Inside the Query Optimizer: How Databases choose and Evaluate Query Plans

You write a query.

The database runs it.

You get your result.

Simple, right?

Not quite.

Before your query ever runs, the database is already making decisions behind the scenes. It evaluates different ways to execute your query, compares them, and chooses what it believes is the most efficient path. After execution, it also measures how well that decision performed.

This is where the query optimizer and performance evaluation come in.

Understanding both is what takes you from simply writing queries to truly understanding how databases behave.

Series: Database Query Fundamentals

Part 1: What Happens When You Run a Query? → Query part 1
Part 2: Why some queries are fast and others are slow → Query Part 2
Part 3: How to Read Query Execution Plans and Fix Slow Queries → Query Part 3
Part 4: How Databases Choose and Evaluate Query Plans: Inside the Optimizer (this article)
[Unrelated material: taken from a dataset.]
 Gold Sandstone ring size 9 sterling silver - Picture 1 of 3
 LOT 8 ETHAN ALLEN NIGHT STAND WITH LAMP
The Role of the Query Optimizer

When you write a SQL query, you describe what you want, not how to get it.

For example:

SELECT * FROM orders WHERE customer_id = 100;

There are multiple ways the database could execute this query. It could scan the entire table and filter rows one by one, or it could use an index to quickly locate only the matching records.

The query optimizer is responsible for deciding which approach to use.

It does this by generating several possible execution plans, estimating the cost of each one, and selecting the plan with the lowest estimated cost.

A Simple Example

To make this clearer, imagine a table with one million rows.

If you run the query above, the database has two obvious options. It can scan all one million rows to find matches, or it can use an index to jump directly to the rows where the customer ID is 100.

Scanning the entire table means checking every single row. Using an index means going straight to the relevant data.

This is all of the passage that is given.